We’re just witnessing a faithful, Christian campaign modeled in Scripture to tell history honestly, paint our heroes with authenticity, make sure our values are good ones, and teach our children a more complex and just so more true story of our history that helps them (by the grace of God) practice repentance.

What Trump calls in his speech far-left fascism, readers of Scripture call simply Christian repentance.

What he calls a left-wing cultural revolution, Jesus called the kingdom of God.

Now, to be fair, I say these last two sentences with a bit of flair. Obviously, the left-wing is not the kingdom of God, and far-left folks like myself are just as likely to fail at repentance as anyone else.
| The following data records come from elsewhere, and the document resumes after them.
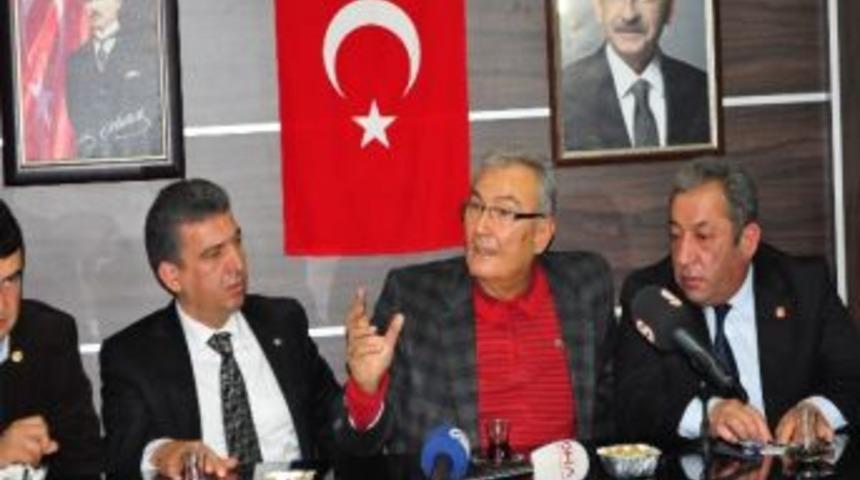 Eski Chp Genel Başkanı Ve Antalya Milletvekili Deniz Baykal: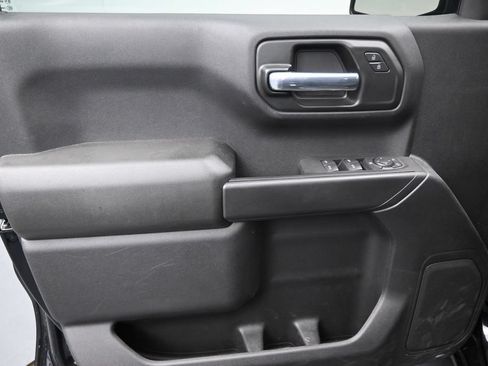 Used 2025 Chevrolet Silverado 1500 Custom Trail Boss AWD/4WD image 11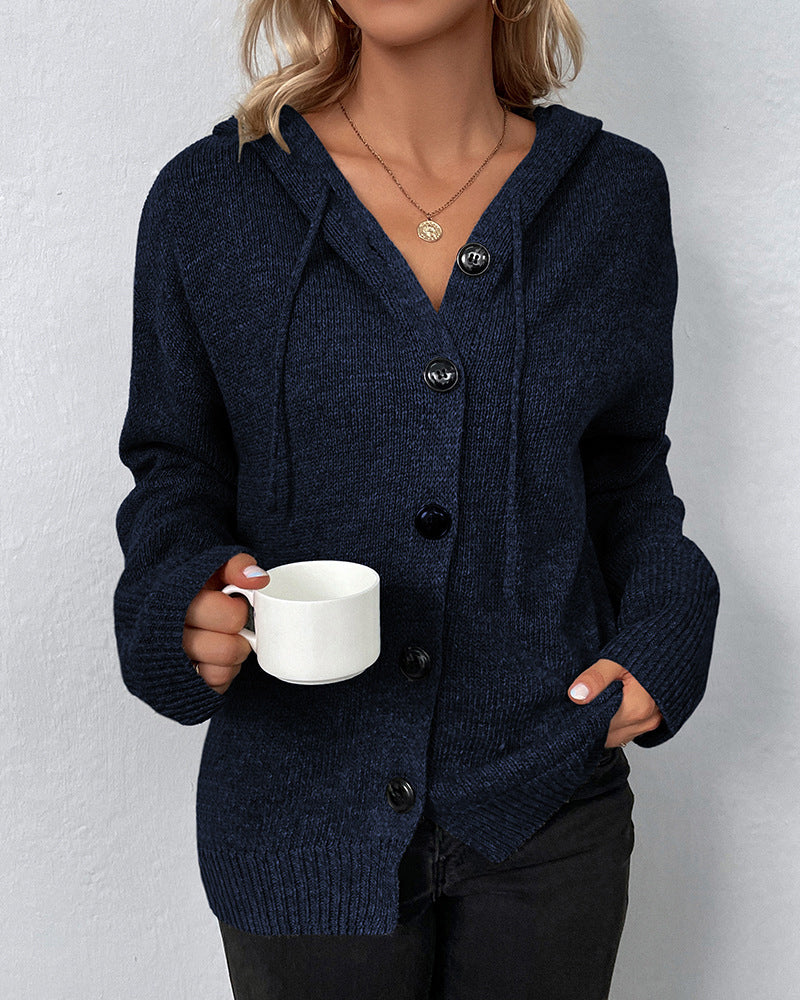 Femke marineblauw gebreid vest met capuchon en knopen, vooraanzicht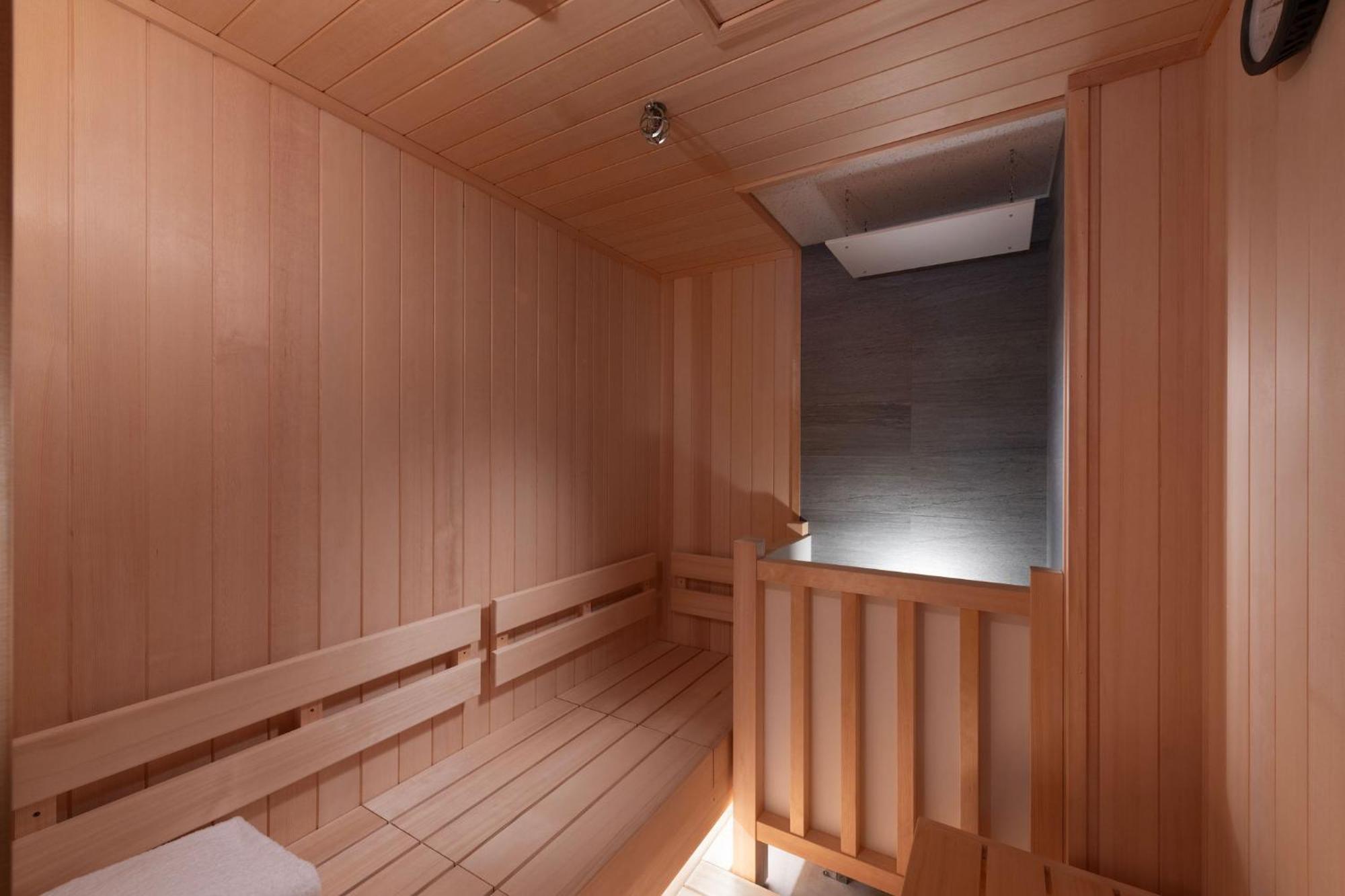 Doubletree By Hilton Kyoto Higashiyama Hotel Bagian luar foto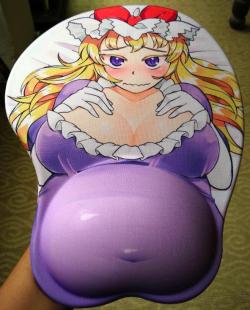 shitpost-senpai: i want this mousepad so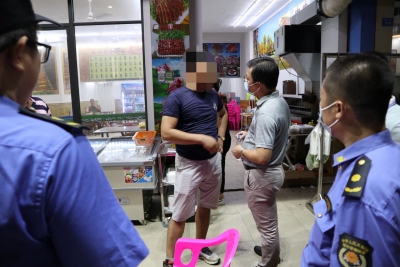 烤串虽香，但扰民、占道经营不可！梅江区联合集中整治“深夜食堂”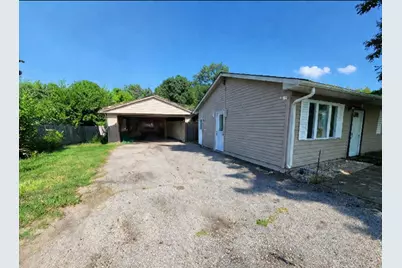 4490 Lake Drive, Granite City, IL 62040 - Photo 4
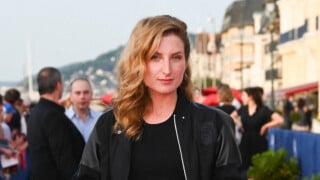 Julia Piaton en crop top face à Frédérique Bel sublime en robe fendue au Festival de Cabourg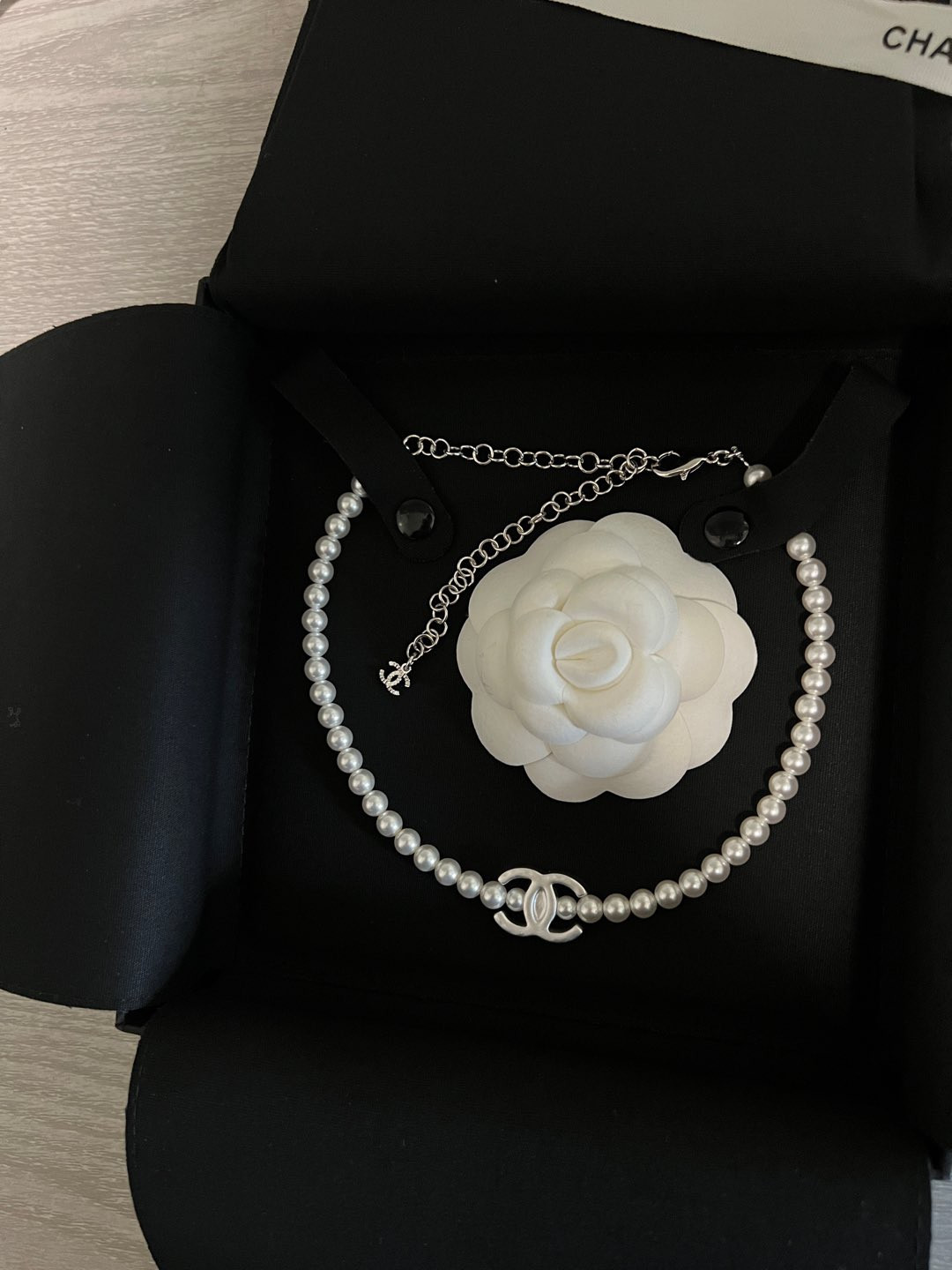 Ch**el necklace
But the current moment, when we are attempting to tell the story of our founding fathers, and other historical moments in America with greater accuracy and more repentance, are not attempts to teach children to hate their nation, or repaint heroes as villains.

Only a total ideologue confuses repentance with hate-mongering. Only those who need the propaganda of history to continue their own power-games feel fragile in the face of real repentance.

I’ll conclude with a final statement from Trump’s speech, perhaps the most heretical claim anywhere in the speech:

“We will state the truth in full, without apology:  We declare that the United States of America is the most just and exceptional nation ever to exist on Earth.

We are proud of the fact — (applause) — that our country was founded on Judeo-Christian principles, and we understand — (applause) — that these values have dramatically advanced the cause of peace and justice throughout the world.”

No country, and no president, who actually espouses Judeo-Christian principles could ever authentically claim that this nation, the United States, is the most just and exceptional nation ever to exist on Earth.

A Judeo-Christian nation would instead regularly say, “By my fault, by my own fault, by my own most grievous fault. God forgive us, and to you alone be the glory. Help us, O Lord.”